Une fois cette distinction importante établie, disons-le franchement, la suggestion du pourboire dans ces secteurs n’est ni anodine ni innocente. Elle joue sur une culpabilité instinctive et sur le désir du client de ne pas paraître cheap en public pour en extraire quelques dollars supplémentaires.
Le 15% du «pourboire» suggéré dans ces commerces n’en est donc pas un. Celui-ci est plutôt, dans les faits, une surtaxe à la consommation. Il est parfois calculé (malhonnêtement, à mon avis) sur les taxes de vente déjà appliquées (TPS/TVQ) au prix de base du produit acheté.
Vous vous retrouvez donc à payer la TPS et la TVQ (≈15% au total) pour ensuite payer une surtaxe de 15% supplémentaire [ledit pourboire], donc un total de 32,5% de dépenses supplémentaires sur le prix affiché.
Je ne vous rappellerai pas que cet achat est effectué avec votre revenu net, c’est-à-dire après avoir [déjà] versé une portion significative de votre salaire à l’État par l’entremise de l’impôt.
La généralisation du pourboire s’ajoute donc à une liste de prélèvements, de taxes et de frais de toute sorte qui ne fait que s’allonger et qui dépouille le consommateur qui est déjà criblé d’un endettement qui atteint des niveaux record au Canada.
Le pourboire: une subvention salariale
Certains utilisent l’argument que le pourboire versé permet d’augmenter le salaire d’employés qui travaillent dans des secteurs aux rémunérations relativement faibles.
On peut comprendre cette logique. Rappelons toutefois que le prix d’un bien est déterminé par le coût qu’il engendre, de sa fabrication à son transport jusqu’au détaillant, incluant le coût du service à la clientèle, bien entendu.
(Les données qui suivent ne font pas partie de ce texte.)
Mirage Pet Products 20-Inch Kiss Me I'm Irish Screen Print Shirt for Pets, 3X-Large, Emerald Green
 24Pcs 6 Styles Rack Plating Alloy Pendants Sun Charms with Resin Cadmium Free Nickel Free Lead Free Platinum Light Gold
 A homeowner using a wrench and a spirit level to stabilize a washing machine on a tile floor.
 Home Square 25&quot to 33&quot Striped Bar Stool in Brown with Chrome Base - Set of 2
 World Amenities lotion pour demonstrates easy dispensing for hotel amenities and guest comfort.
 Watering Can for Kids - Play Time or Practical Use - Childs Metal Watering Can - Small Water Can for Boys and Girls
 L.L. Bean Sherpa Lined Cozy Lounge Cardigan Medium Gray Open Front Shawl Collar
Pour un service professionnel — comme pour un plombier —, c’est le temps nécessaire à la tâche, les matériaux nécessaires et l’expertise qui sont inclus dans le prix indiqué.
Dire que le consommateur contribue au revenu de l’employé en lui versant un pourboire revient donc à subventionner le salaire des employés au-delà du coût de la main-d’œuvre déjà inclus dans le prix du bien acheté.
Qu’on ne nous dise pas que le client a toujours l’option de refuser, car si le poste en question n’offre pas une rémunération adéquate sans l’ajout du pourboire, alors le client qui décide ne pas verser de pourboire en revient à déclarer ouvertement son hostilité à la décence d’un travail suffisamment rémunéré, un rôle que personne ne souhaite jouer.
On mise donc sur un certain chantage émotionnel qui s’applique à une série de transactions à montants relativement faibles dans la majorité des cas, ce qui, de surcroît, abaisse les gardes du consommateur.
Mais, si le faible salaire explique la généralisation de la pratique du pourboire, il faudrait rationaliser le pourboire versé à un plombier ou un garagiste qui vous facture déjà une somme significative. Cet exercice risque de demander une certaine contorsion intellectuelle quand on pense au salaire horaire d’un plombier.
Spirale inflationniste
Maintenant que les attentes salariales toujours plus élevées des employés sont ancrées dans les esprits et que l’inflation galopante gruge le budget des particuliers, il est pratiquement impossible d’inverser la trajectoire. Qui acceptera de gagner moins alors que les prix grimpent?
Au-delà du débat actuel sur le pourboire, ce genre d’épiphénomènes risquent fortement de se multiplier, au grand dam de nos portefeuilles.